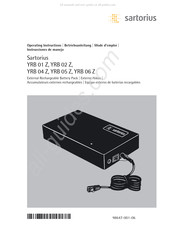 Sartorius YRB 01 Z Instrucciones De Manejo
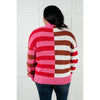 In Your Lane Color Blocked Stripe Sweater (S-XL)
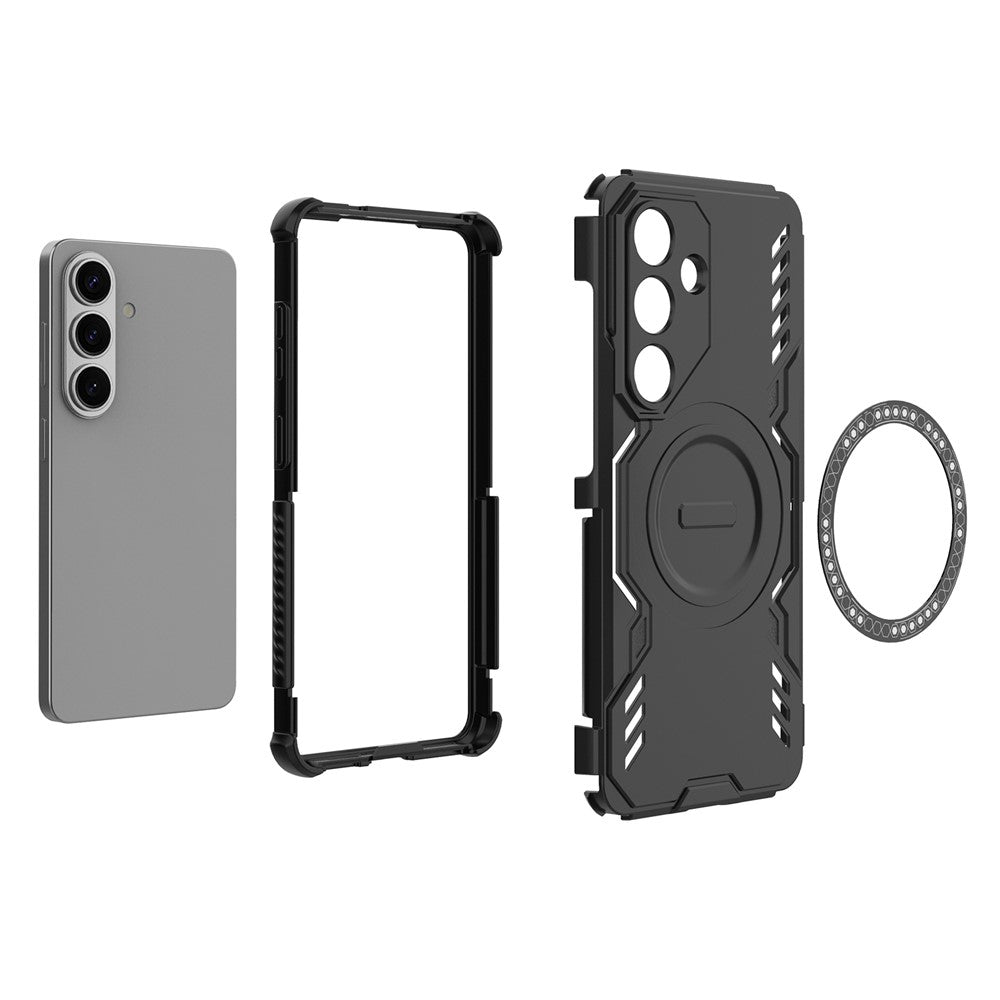 Θήκη MagSafe για Samsung Galaxy S26 Plus S947, Techsuit, ArmorMag, Μαύρη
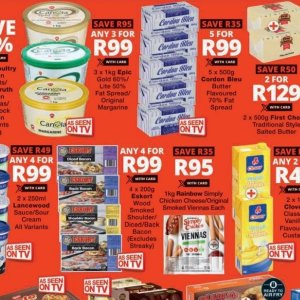 Margarine at Checkers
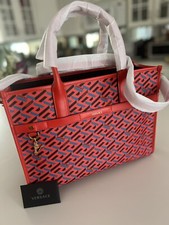 Authentic Versace LA GRECA SIGNATURE TOTE BAG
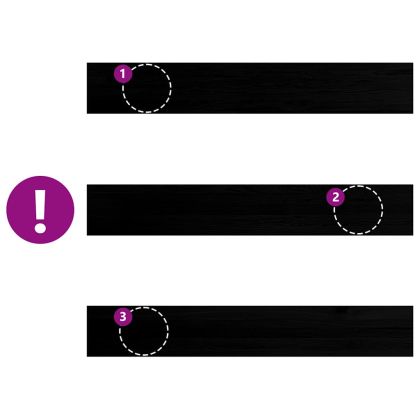 Прозоречни первази, 2 бр, тъмнокафяви, 160x30x2 см, дъб масив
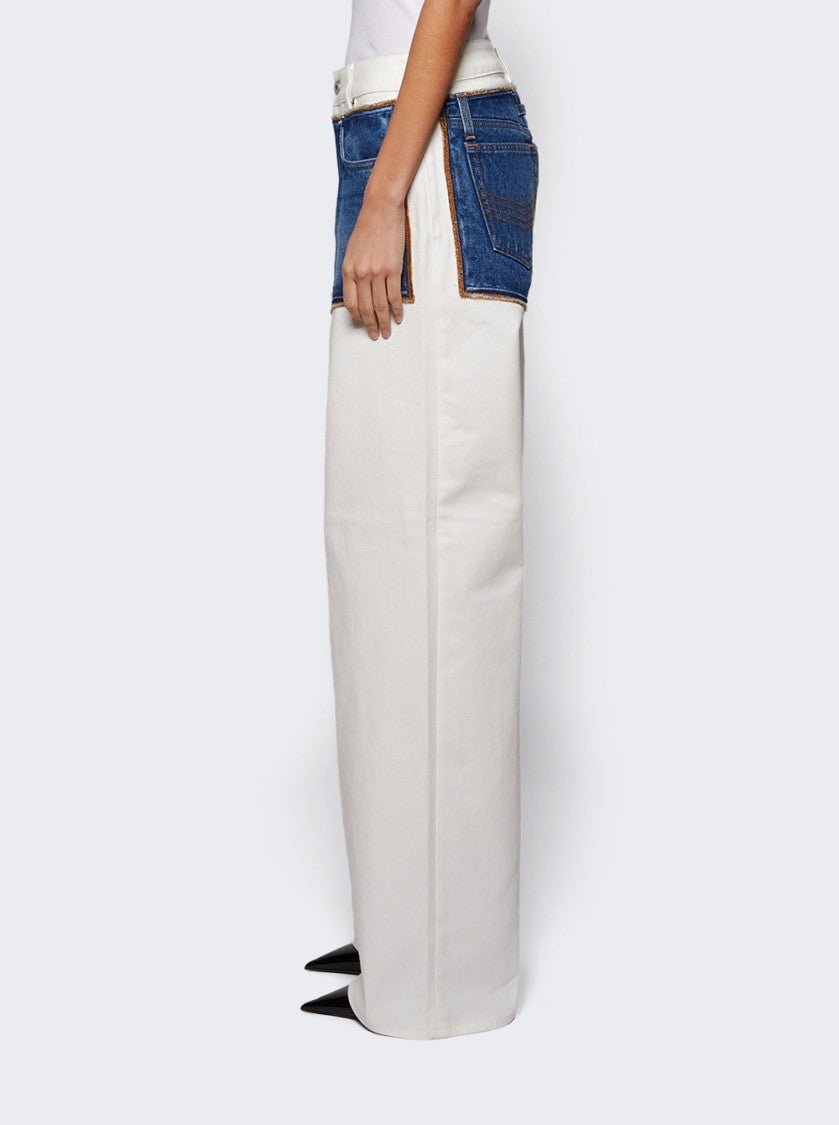 Jean Paul Gaultier The Petit Grand Denim Jeans Ecru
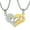 Yellow, variant on Hyasfey 2Pcs Couple Necklaces Shiny Rhinestone Inlaid Sparkling Geometric Memorial Gift Classic Lover Heart Pendant Necklaces Jewelry Accessories for Anniversary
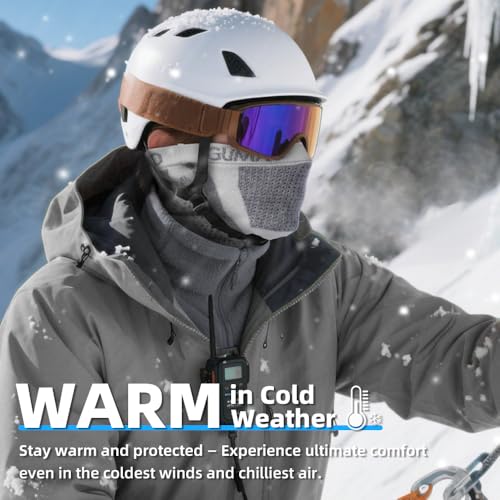 Image of Winter Neck Gaiter Warmer Scarf Cold Weather Windproof Face Mask for Man & Women - Ski Mask for Outdoor Sports
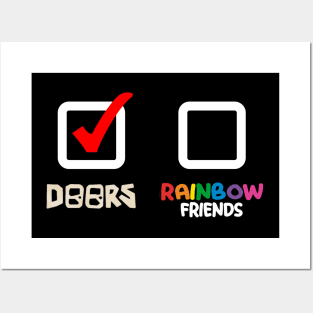 Doors or Rainbow Friends! Posters and Art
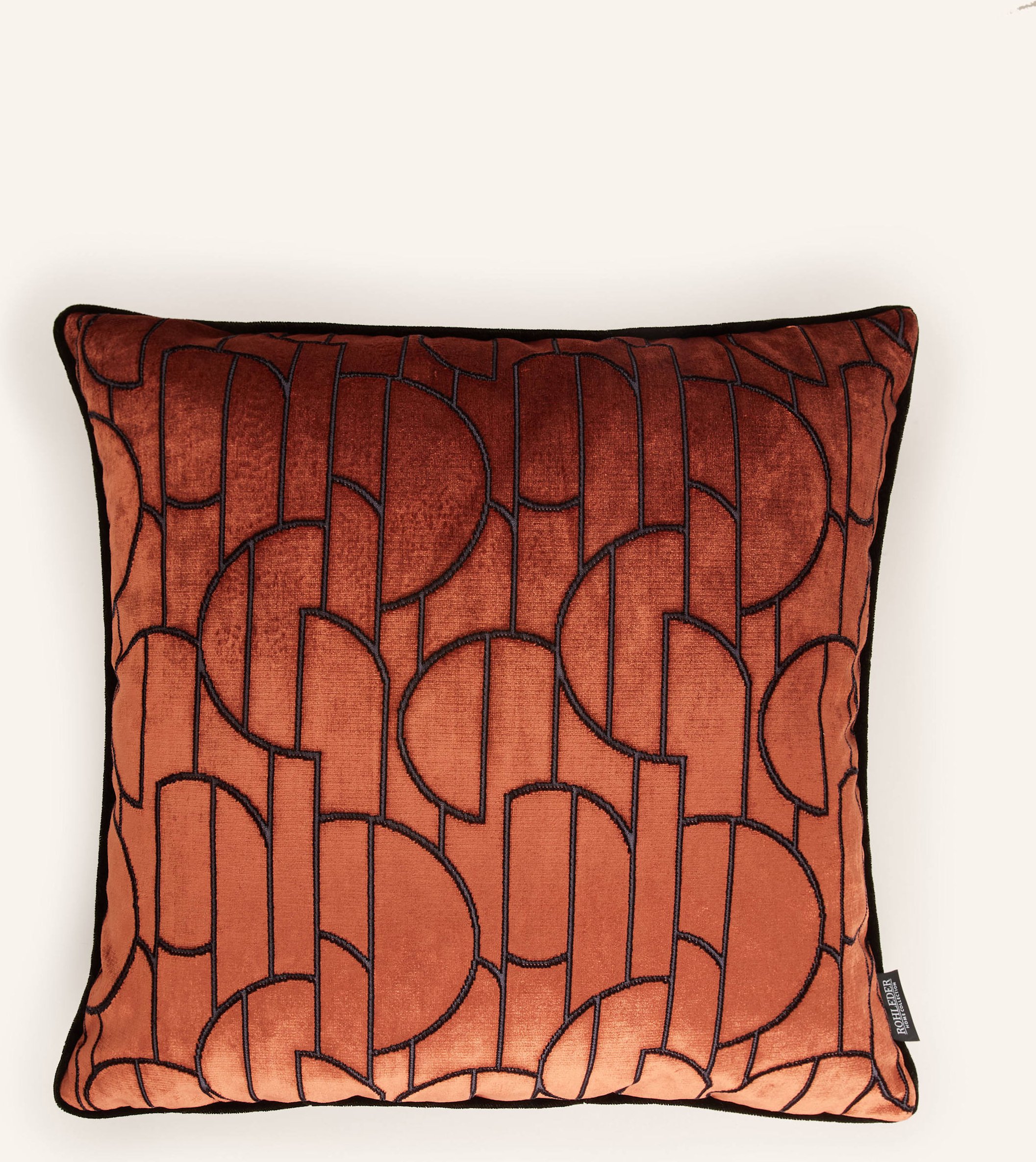 Rohleder Dekokissen Casino Aus Samt Mit Federfüllung orange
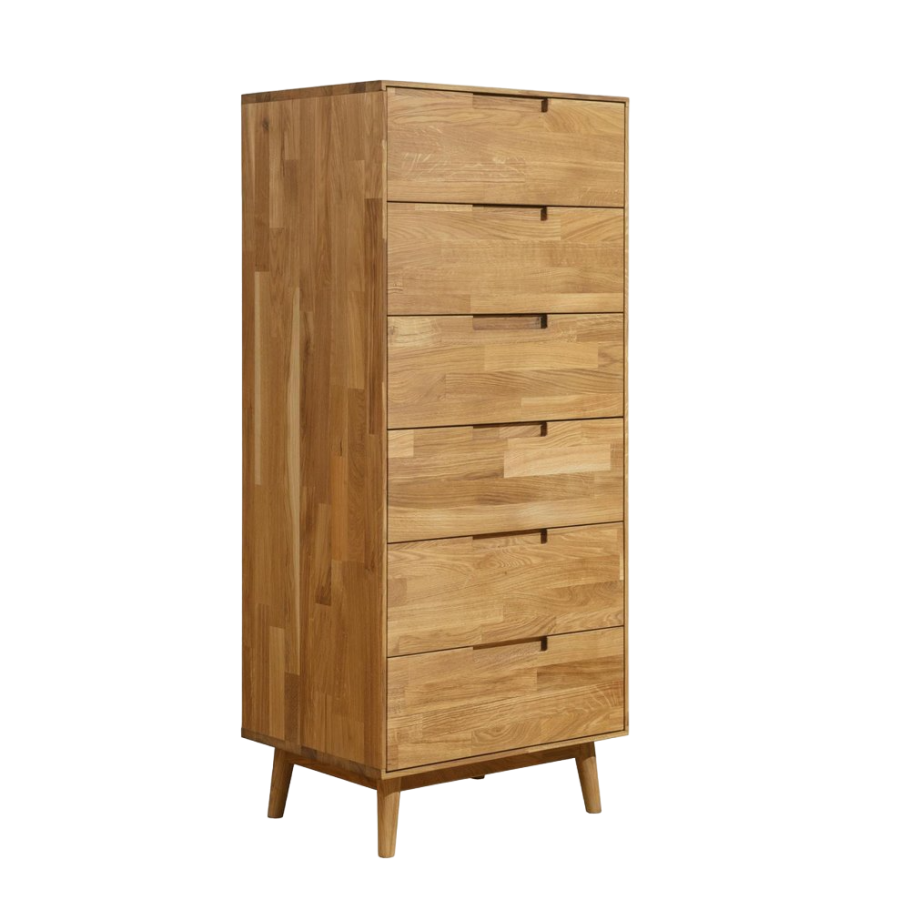 Комод из массива дуба Сканди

=-=-=

Reproduce exactly, and only, the lines from the opening line of the listing above through the line holding "Jean Paul Gaultier", minus the pictures.

> **RESPONSE BELOW**
 Sartorius YRB 01 Z Instrucciones De Manejo
 In Your Lane Color Blocked Stripe Sweater (S-XL)
 Θήκη MagSafe για Samsung Galaxy S26 Plus S947, Techsuit, ArmorMag, Μαύρη
 Margarine at Checkers
 Authentic Versace LA GRECA SIGNATURE TOTE BAG
 Прозоречни первази, 2 бр, тъмнокафяви, 160x30x2 см, дъб масив
 Jean Paul Gaultier The Petit Grand Denim Jeans Ecru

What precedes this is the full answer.